A songwriter since age 14, Webster came of age in a suburb of the same city that now gives name to her record. Atlanta's music scene left an indelible mark on Webster. It was the rap collective Awful Records that released the artist's debut album in 2017, despite her stylings — a deadpan approximation of Americana — being a distinct anomaly on the label.
 
Atlanta Millionaires Club refers, in part, to the influence that the city has had on her work. Most centrally, though, it is drawn from the name that her father once used to refer to his group of grad school friends, as they imagined a future of wealth and excess — one that never came to be.
 
This tension, between the expected and the actual, tethers together much of the LP. As Atlanta Millionaires Club begins, our first impression is of the sonic expanse of 1970's southern R&B. Album opener "Room Temperature," with its bending reeds of pedal steel guitar and waxy vocals, is classic stuff of the genre — folding out a quiet eternity of flaxen plains.
 
Listen closer, though, and things start to close in.
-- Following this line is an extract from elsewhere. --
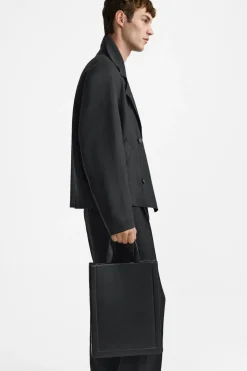 BOLSO SHOPPER ESTRUCTURADO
Webster is crying, again, "over the same thing." She repeats a mantra ("I should get out more") until it begins to lose meaning, eroding into an assembly of sounds, a helpless cry for help. "Nothing means anything," Webster laments, her syllables buoyed along by the deceptively placid breeze of guitar.
 
Contradictions and duplicities abound. But Webster is not putting us on. For all of its facades, Atlanta Millionaires Club is a work of arresting candour. "On my last record I was afraid to say some things," Webster has said. No longer. Album highlight "Jonny" calls an ex-partner by name, and on "What Used to Be Mine," Webster confesses: "I miss your voice. You're the only one with it."
 
Her voice fades. The pedal steel keens above, steady as ever.